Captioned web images
'''
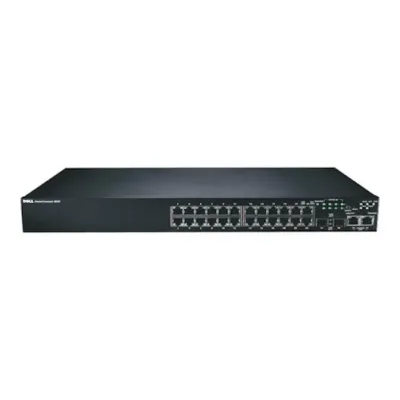 K688K - Dell PowerConnect 3524 24 x Ports 10/100Base-T + 2 x Ports SFP Shared + 2 x Ports 10/100/1000Base-T Rack-Mountable Manageable Stackable Fast Ethernet Network Switch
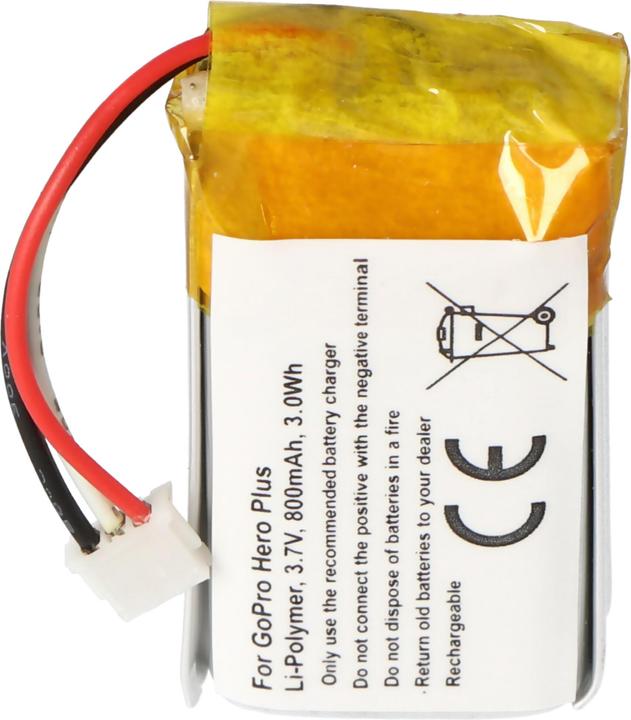 Actual product image AccuCell Akku GoPro CHDHA-301, Hero +, Hero HWBL1, Hero Plus Akku PR-062334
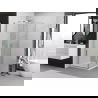 Mexen Exo сгъваема душ кабина 70 x 70 см, прозрачна, хром - 816-070-070-01-00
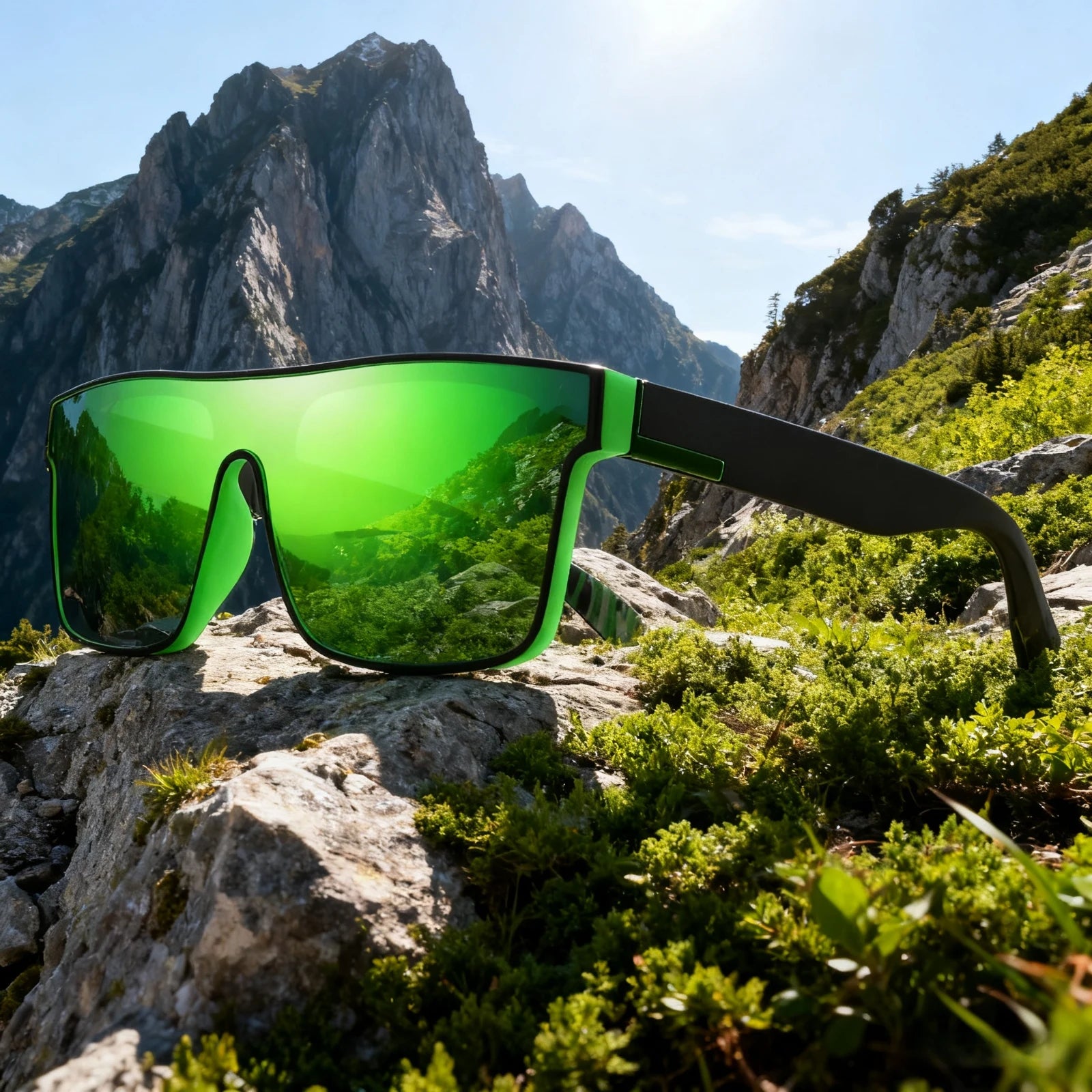 4PCS Classic Colorful Square Sports Sunglasses with One-Piece Lens - UV400 Unisex for Cycling, Travel & Outdoor Activities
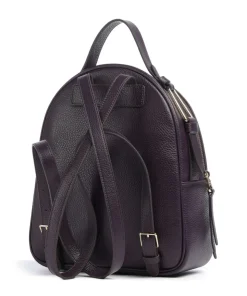 Malory Rucksack genarbtes Leder pflaume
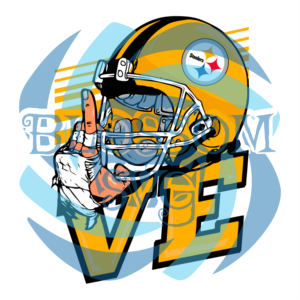 Love Pittsburgh Steelers NFL Svg, Sport Svg, Love Svg, Pittsburgh
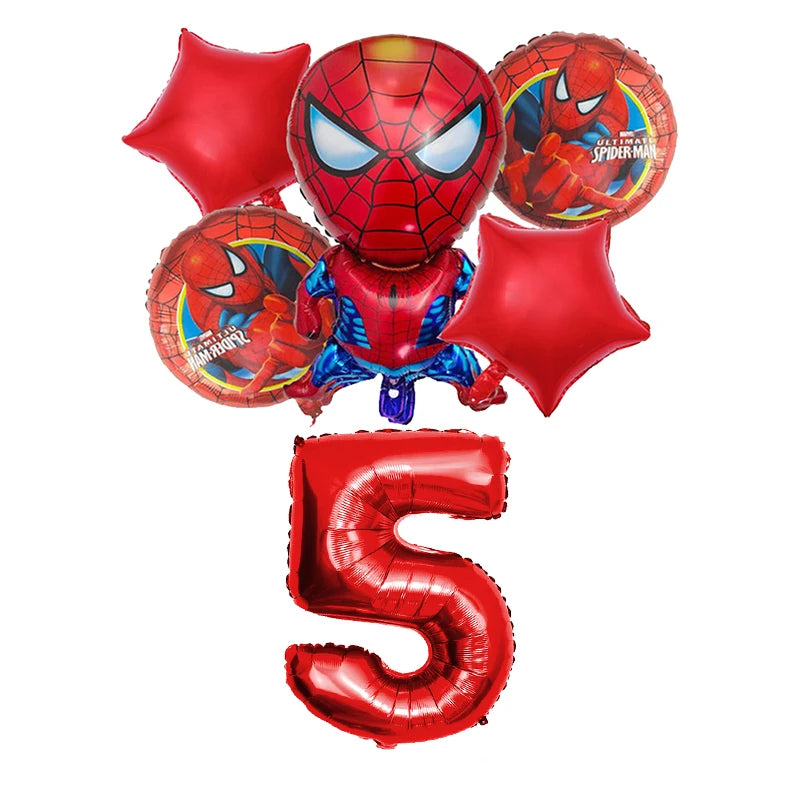 Spiderman Birthday Decoration Tablecloth Paper Cups Plates Backdrop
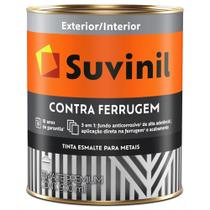 Tinta Esmalte Brilhante Contra Ferrugem 900ml Cinza Escuro - 50581372 - SUVINIL Tinta Esmalte Brilhante Contra Ferrugem 900ml Cinza Escuro - 50581372 - SUVINIL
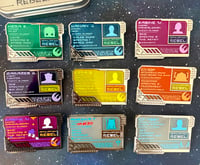 Image 2 of "Holocard" Star Wars Character ID card pins with Special Custom Tin Case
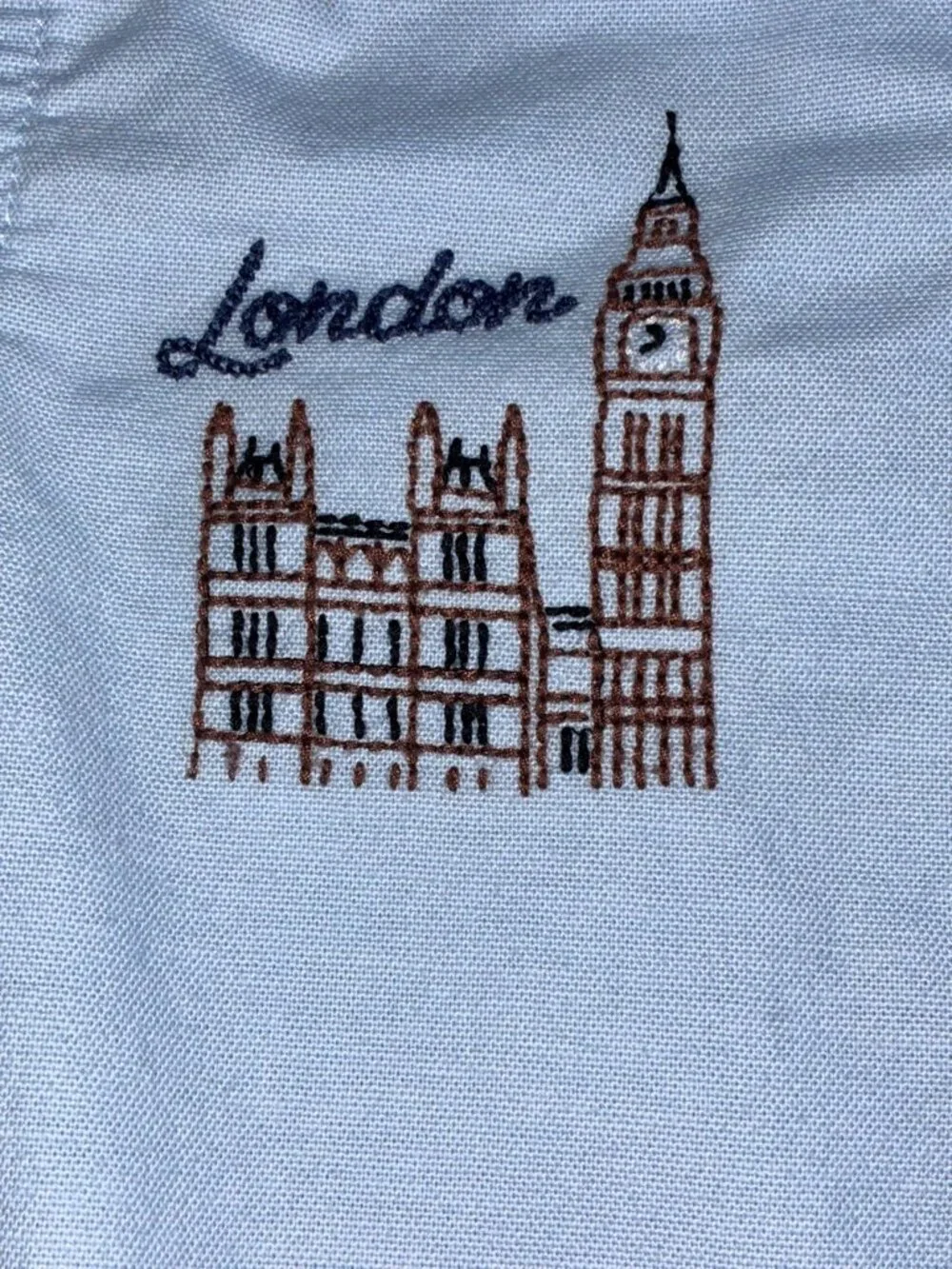Baby Gap x Paddington Blue Embroidered London Oxford Shirt 5Y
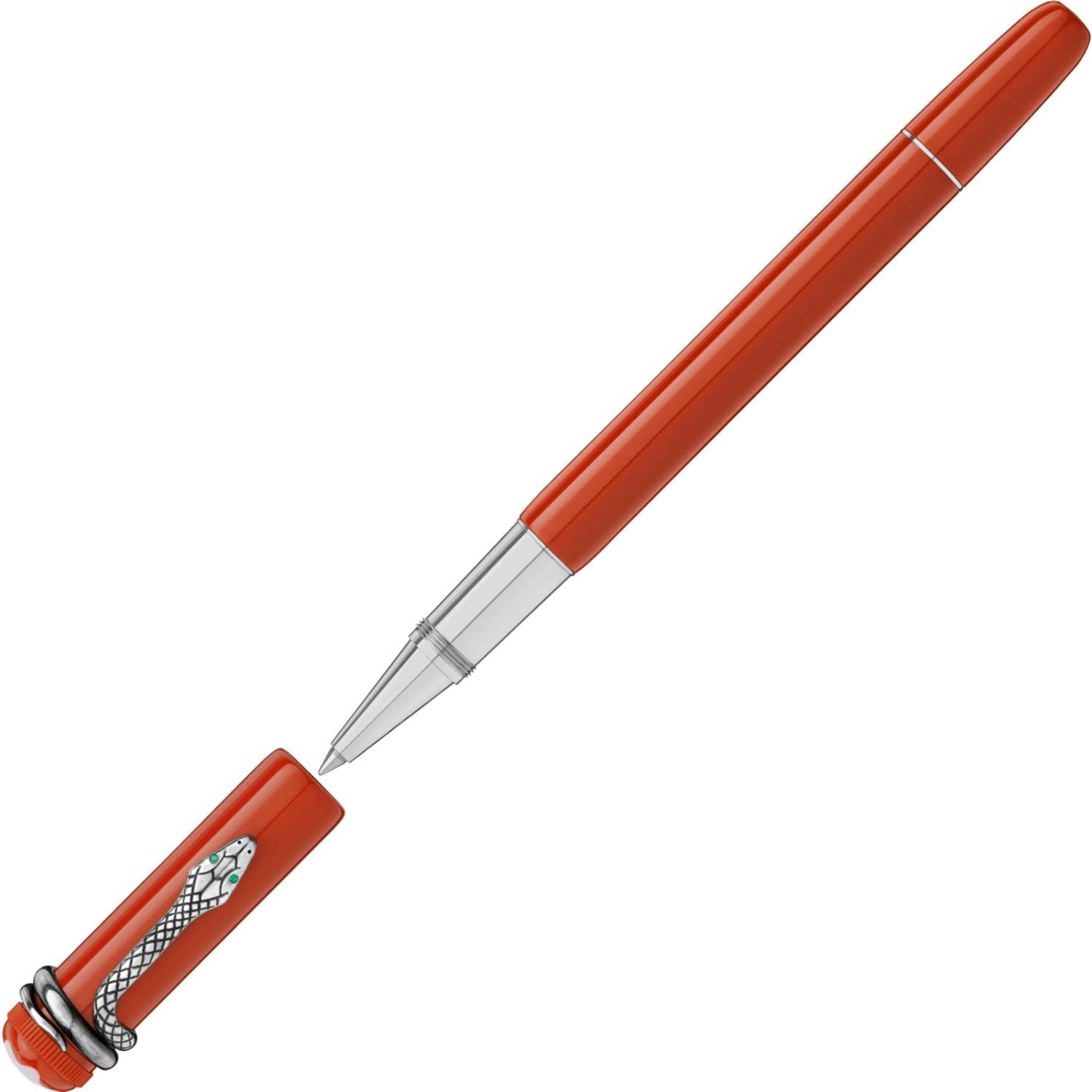 Montblanc Heritage Collection Rouge Et Noir Coral Rollerball Pen 0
'''
[Your task]: Give every record again without changing a word. Exclude the pictures.

[The answer]:
 K688K - Dell PowerConnect 3524 24 x Ports 10/100Base-T + 2 x Ports SFP Shared + 2 x Ports 10/100/1000Base-T Rack-Mountable Manageable Stackable Fast Ethernet Network Switch
 Actual product image AccuCell Akku GoPro CHDHA-301, Hero +, Hero HWBL1, Hero Plus Akku PR-062334
 Mexen Exo сгъваема душ кабина 70 x 70 см, прозрачна, хром - 816-070-070-01-00
 4PCS Classic Colorful Square Sports Sunglasses with One-Piece Lens - UV400 Unisex for Cycling, Travel & Outdoor Activities
 Malory Rucksack genarbtes Leder pflaume
 Love Pittsburgh Steelers NFL Svg, Sport Svg, Love Svg, Pittsburgh
 Spiderman Birthday Decoration Tablecloth Paper Cups Plates Backdrop
 Tinta Esmalte Brilhante Contra Ferrugem 900ml Cinza Escuro - 50581372 - SUVINIL Tinta Esmalte Brilhante Contra Ferrugem 900ml Cinza Escuro - 50581372 - SUVINIL
 Image 2 of "Holocard" Star Wars Character ID card pins with Special Custom Tin Case
Baby Gap x Paddington Blue Embroidered London Oxford Shirt 5Y
 Montblanc Heritage Collection Rouge Et Noir Coral Rollerball Pen 0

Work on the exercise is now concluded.